Di fronte alle pesanti insinuazioni relative alla sua detenzione, il celebre artista ribadisce la propria verità e prepara le contromisure legali

Vasco Rossi è tornato al centro dell’attenzione per una vicenda risalente a più di quarant’anni fa. A riaprire il caso è stato un commento pubblicato sui social da una fan, che lo ha accusato di avere rivelato i nomi delle persone che gli avrebbero procurato la droga dopo il suo arresto del 1984, arrivando a definirlo «infame». Di fronte a un’accusa così grave, il rocker ha scelto di intervenire personalmente, offrendo la propria ricostruzione di quella fase complessa della sua vita e comunicando l’intenzione di rivolgersi ai legali.

La vicenda è partita da un messaggio apparso su Facebook e firmato da una donna che si è sempre considerata una sostenitrice del cantante. Nel post, la fan ha domandato a Vasco perché, dopo l’arresto per possesso di cocaina, avrebbe indicato agli investigatori le persone dalle quali aveva acquistato la sostanza. Secondo la sua versione, quelle persone avrebbero scontato diversi anni di carcere, mentre il cantante sarebbe riuscito a ottenere una scarcerazione anticipata.

La ricostruzione dell’arresto del 1984

Vasco ha respinto con fermezza questa ricostruzione, sostenendo che i fatti si sarebbero svolti in modo completamente diverso. Nel 1984 fu arrestato nell’ambito di un’indagine sul traffico di stupefacenti e rimase in carcere per un totale di 22 giorni, cinque dei quali trascorsi in isolamento.

In seguito, la sua posizione venne separata da quella degli altri imputati. Nel 1989 arrivò il proscioglimento dall’accusa di spaccio, mentre restò la condanna per detenzione di stupefacenti. Proprio su questo aspetto il cantante ha voluto distinguere con chiarezza la ricostruzione storica dei fatti da quella che ritiene una versione falsa.

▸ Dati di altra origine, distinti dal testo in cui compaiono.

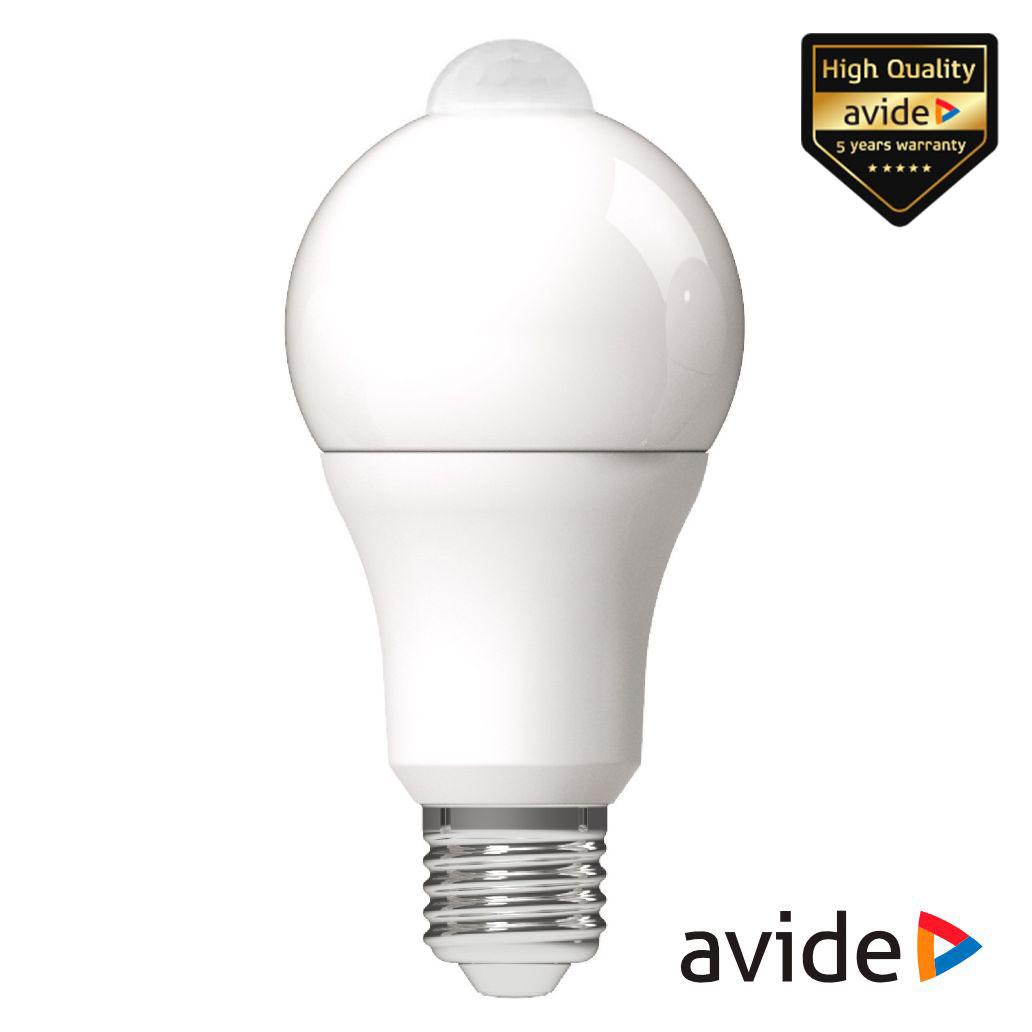 (imagem para) Lâmpada LED E27 R60 8.8W 230V 4000K 806lm C/ Sensor AVIDE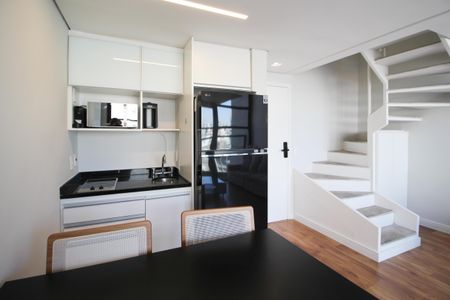 Apartamento à venda com 50m², 1 quarto e 1 vaga Apartamento à venda com 50m², 1 quarto e 1 vagaCozinha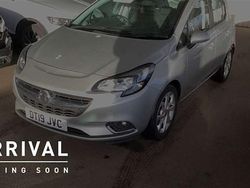 Silver Used 2019 Vauxhall Corsa SRi Hatchback | £6,945 (Fair price)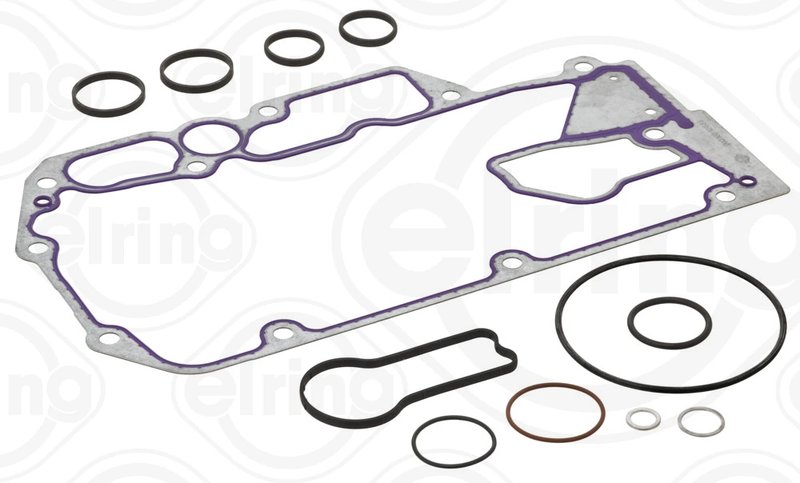 SET GARNITURI RADIATOR ULEI ELRING 841.330 - Compatibil cu FREIGHTLINER, MERCEDES-BENZ, WESTERN STAR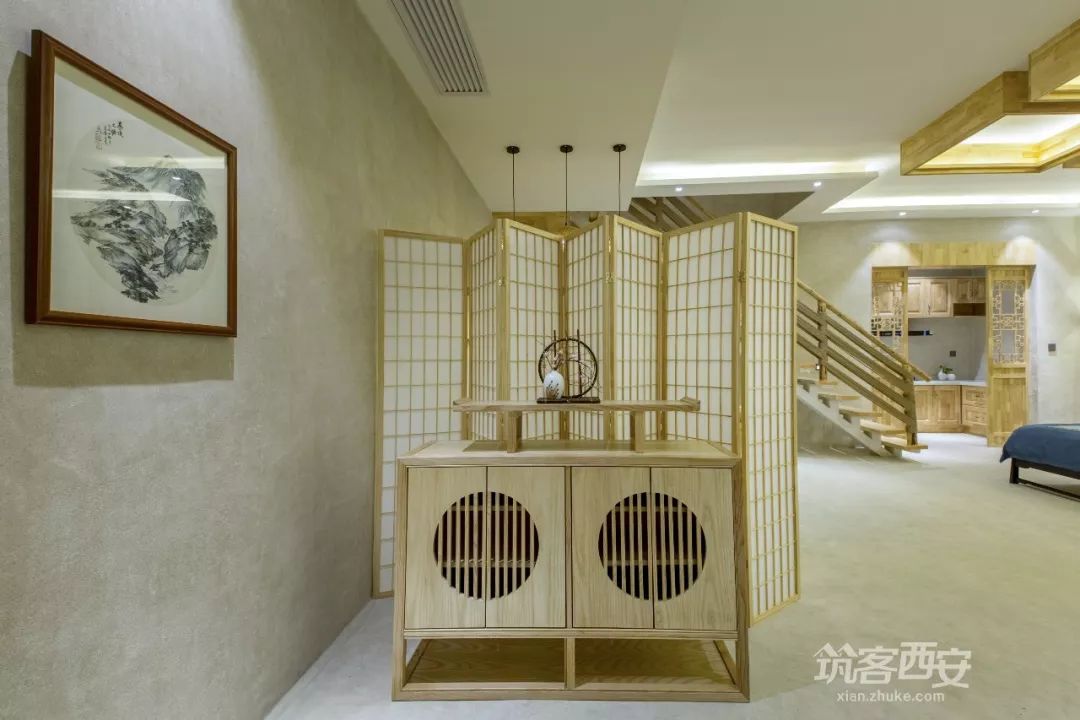 山林间的诗意栖居 | 骊山自然别墅设计-2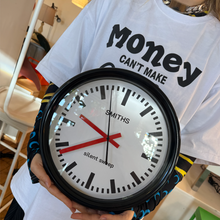 Load image into Gallery viewer, SMITHS / Silent Sweep Swiss Station Clock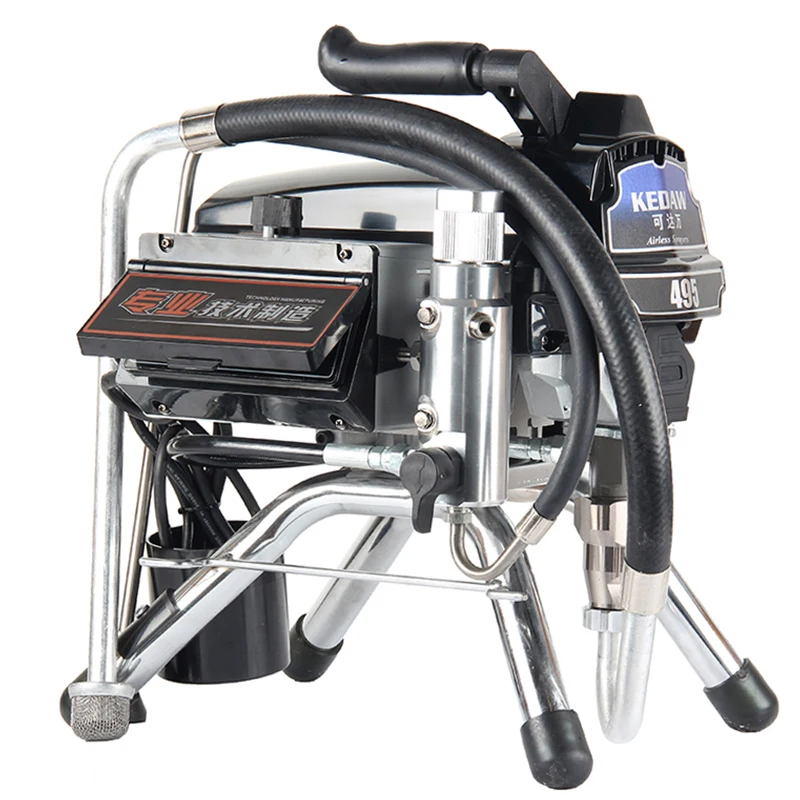 Professional395495ElectricHighPressureAirlessSprayingMachine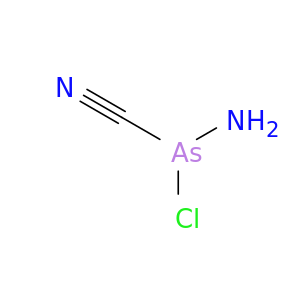 Arsenamidocyanidouschloride (9CI)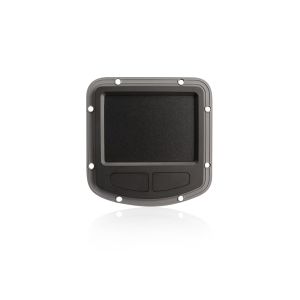 PS2 USB IP65 Sealed EMC Keyboard 2 Keys 5VDC With OMRON Key Switch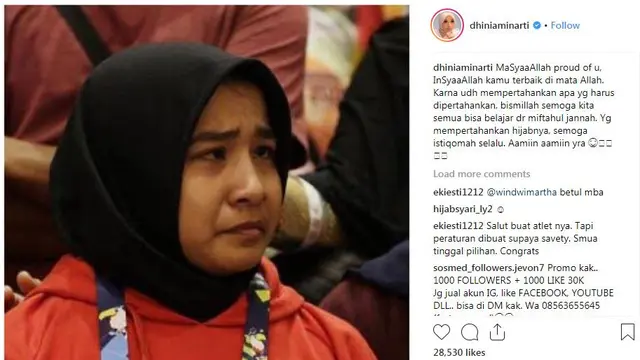 Dukungan 5 Seleb Pada Miftahul Jannah, Atlet Judo Para Games yang Didiskualifikasi karena Hijab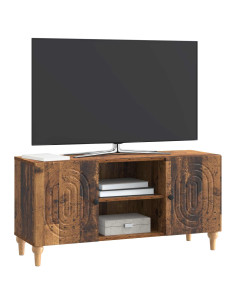 Mobile TV Legno antico 102 x 34,5 x 50 cm Legno ingegnerizzato 2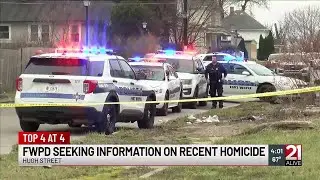 FWPD seeking information on city&rsquo;s latest homicide, $5K reward offered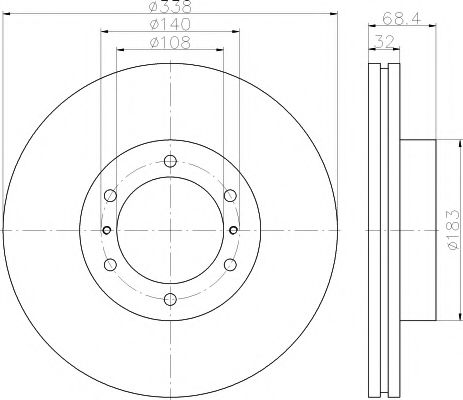 HELLA PAGID 8DD 355 116-891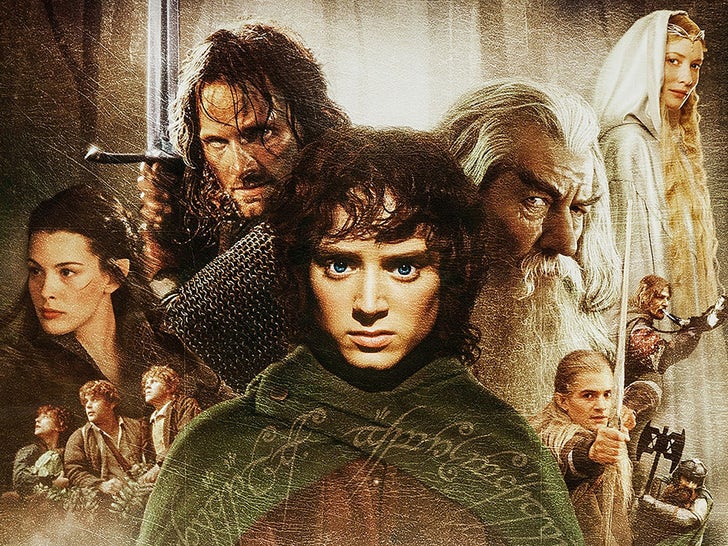 'Lord Of The Rings' Cast 'Memba Them?!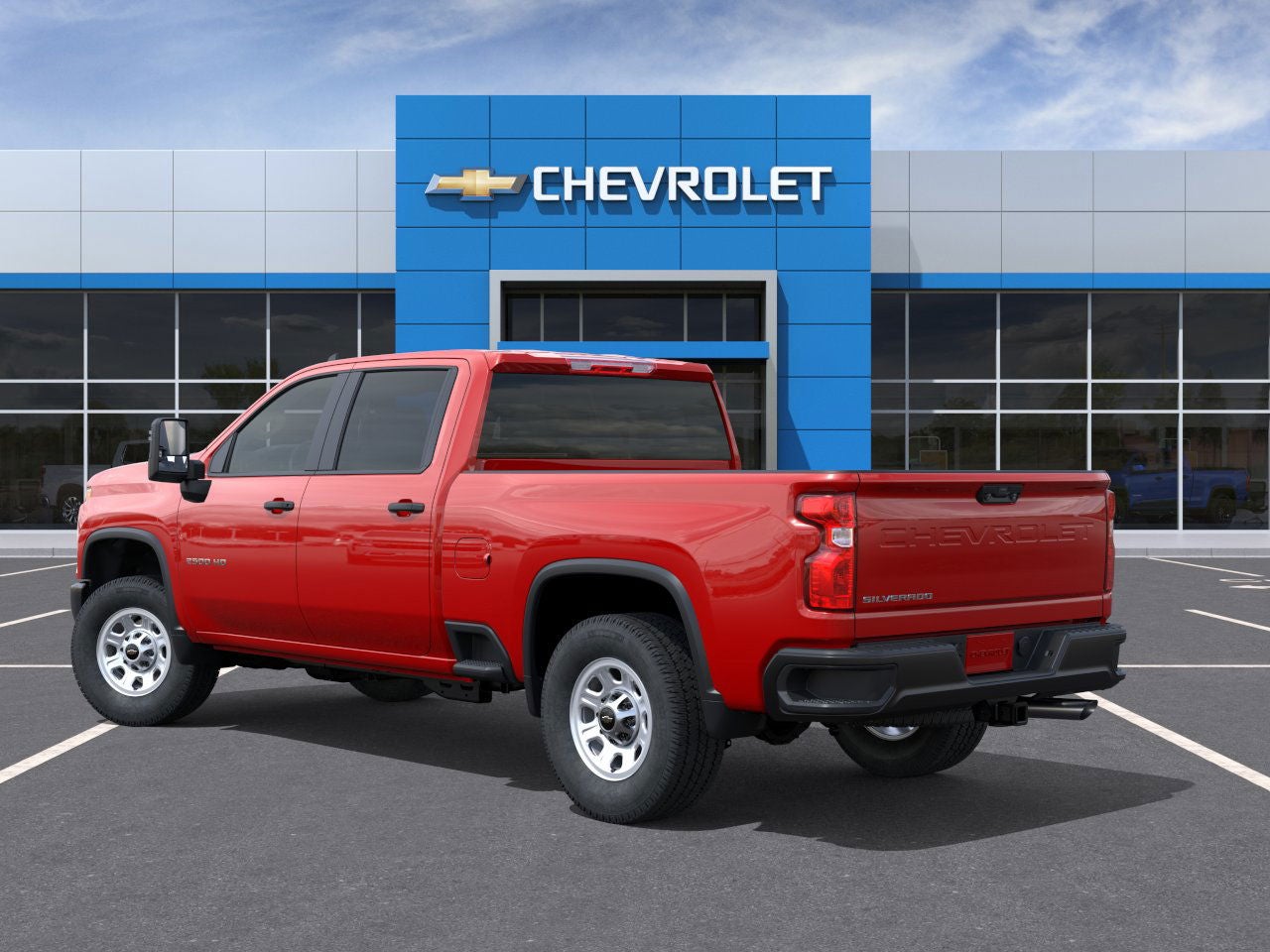 2026 Chevrolet Silverado 2500 HD WT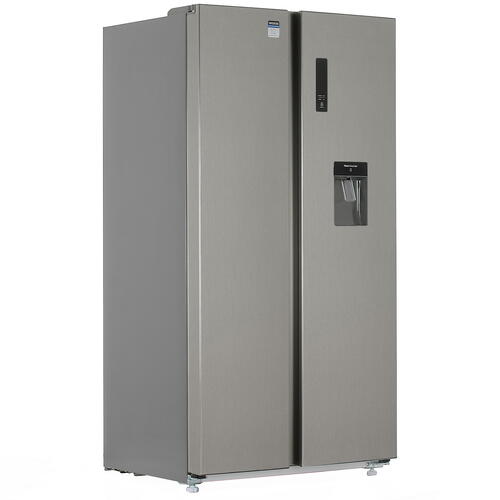 Купить Холодильник Side by Side  DEXP SBS4-56AMG серебристый  5401301. Характеристики, отзывы и цены в Донецке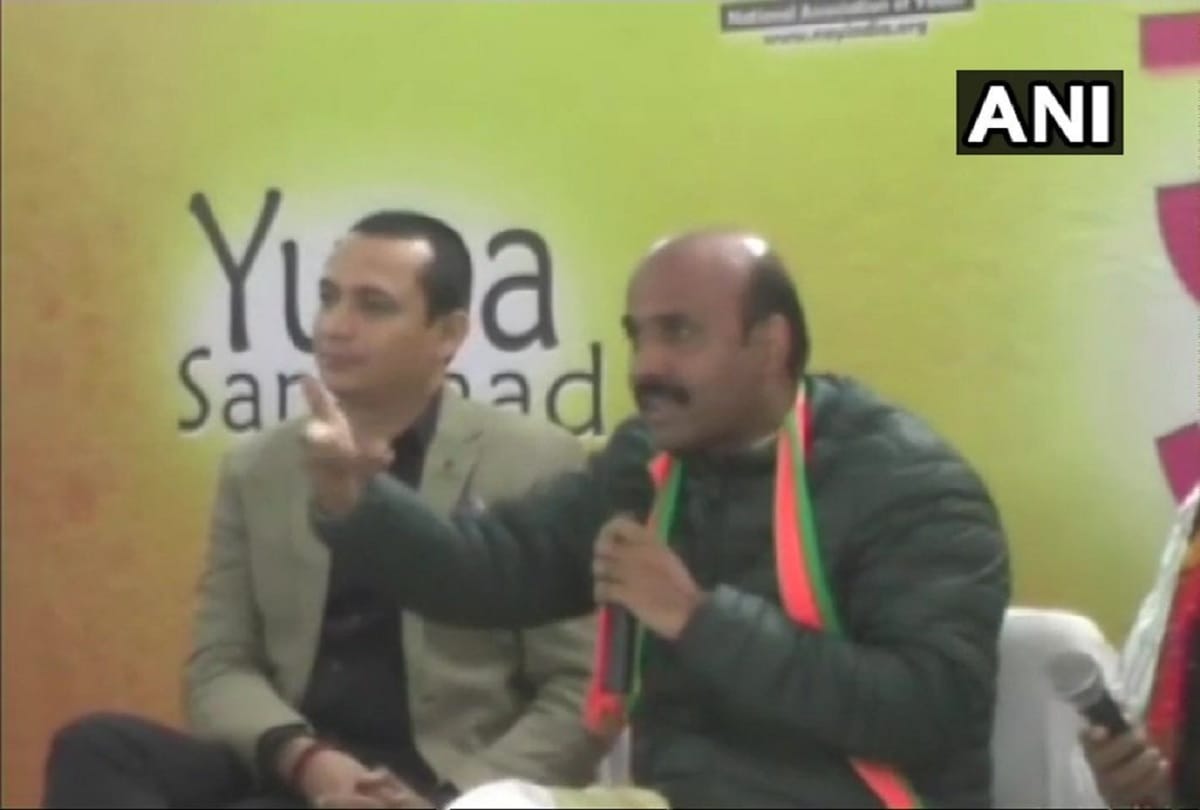 Basti BJP MP Harish Dwivedi controversial statement about salary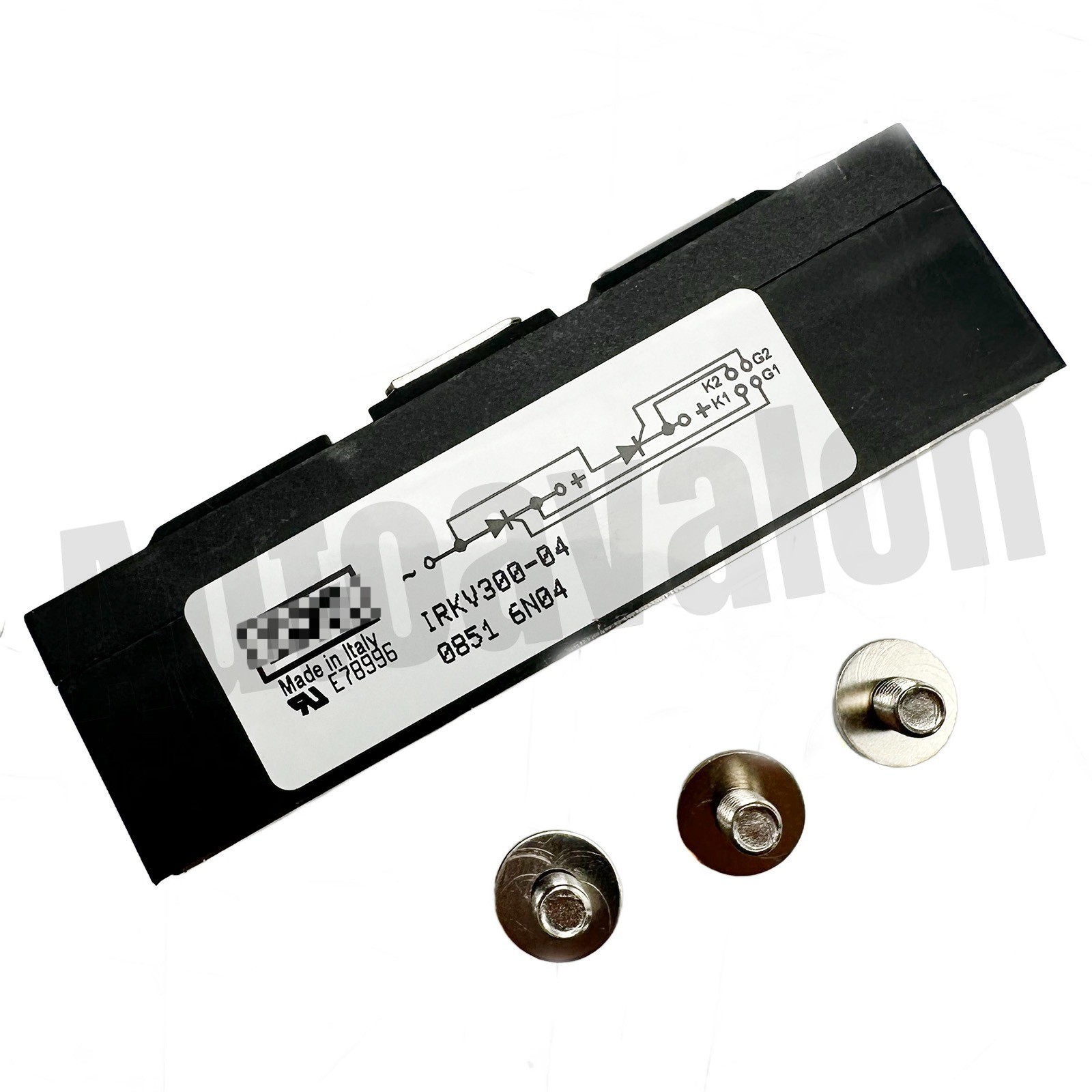 Brand New IRKV300-04 Thyristor Module for IR Brand New IRKV300-04 Thyristor Module for IR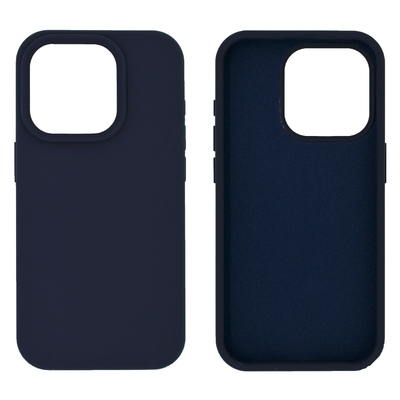 Θήκη Ancus Silicon Liquid για Apple  iPhone 15 Pro Σκούρο Μπλε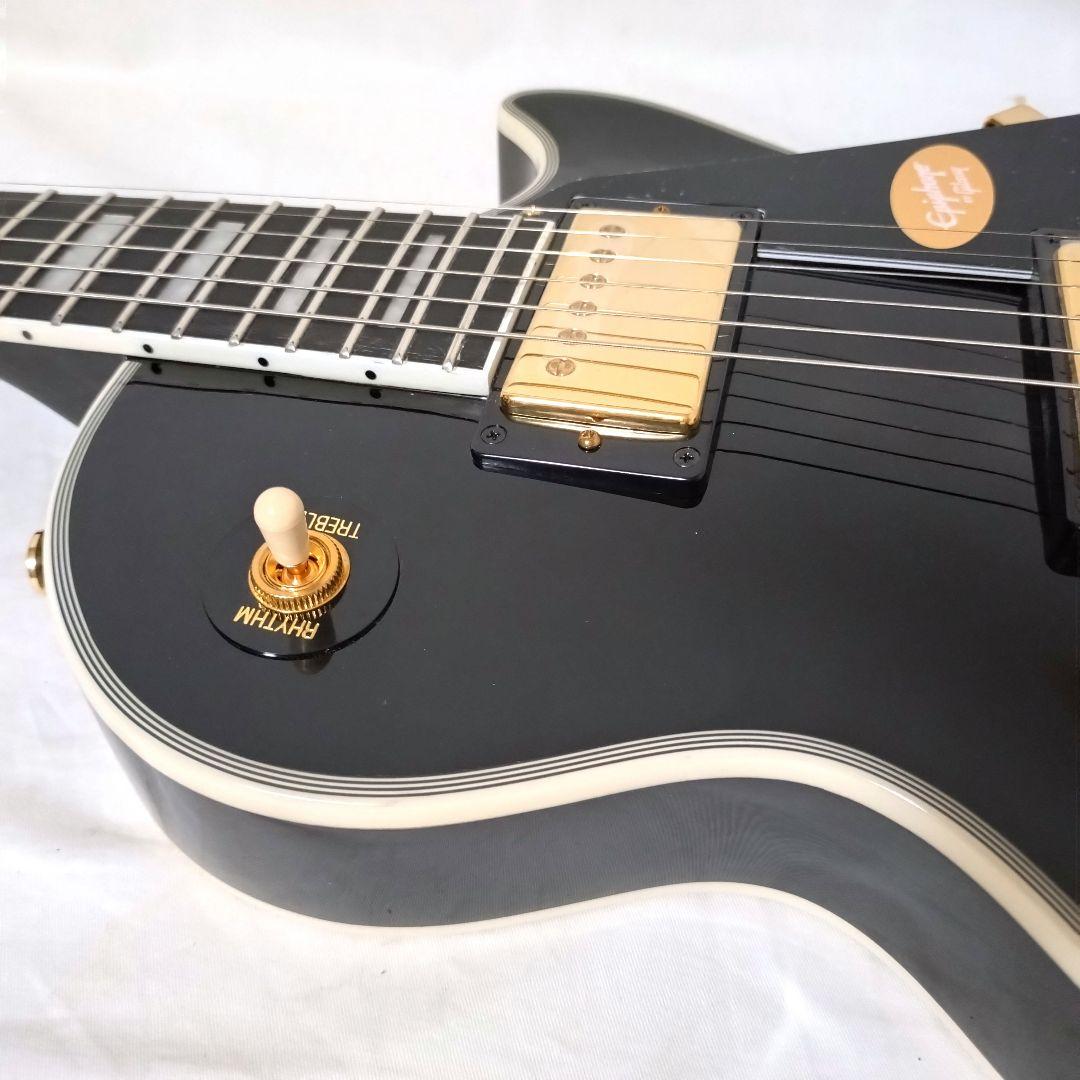 展示未使用品　Epiphone　エピフォン　レスポールカスタム　Les Paul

Secondo quanto ha sempre dichiarato, Vasco non avrebbe fatto arrestare nessuno per ottenere un beneficio personale. Al contrario, ha affermato di essere stato coinvolto nell’indagine proprio sulla base delle dichiarazioni rese da un’altra persona. A distanza di decenni, questa differenza continua ad avere per lui un significato importante.

«Questa storia, oltre a essere falsa, ribalta completamente la realtà», ha scritto nella sua risposta, ricordando i giorni trascorsi in carcere e negando di avere accusato qualcuno allo scopo di ridurre la durata della propria detenzione.

L’ipotesi di una denuncia per diffamazione

Il botta e risposta non è rimasto confinato a Facebook. Vasco ha infatti deciso di affrontare la questione anche sul piano giudiziario e, attraverso Instagram, ha annunciato di avere sottoposto il commento ai suoi avvocati. I legali dovranno valutare la possibilità di presentare una denuncia per diffamazione, a suo giudizio «tanto infondata quanto calunniosa».

Il rocker ha inoltre dichiarato che l’eventuale risarcimento verrebbe destinato alle persone che hanno subito ingiustamente la detenzione. A 42 anni di distanza, una delle pagine più dure della sua storia personale è così tornata inattesa-mente nel presente.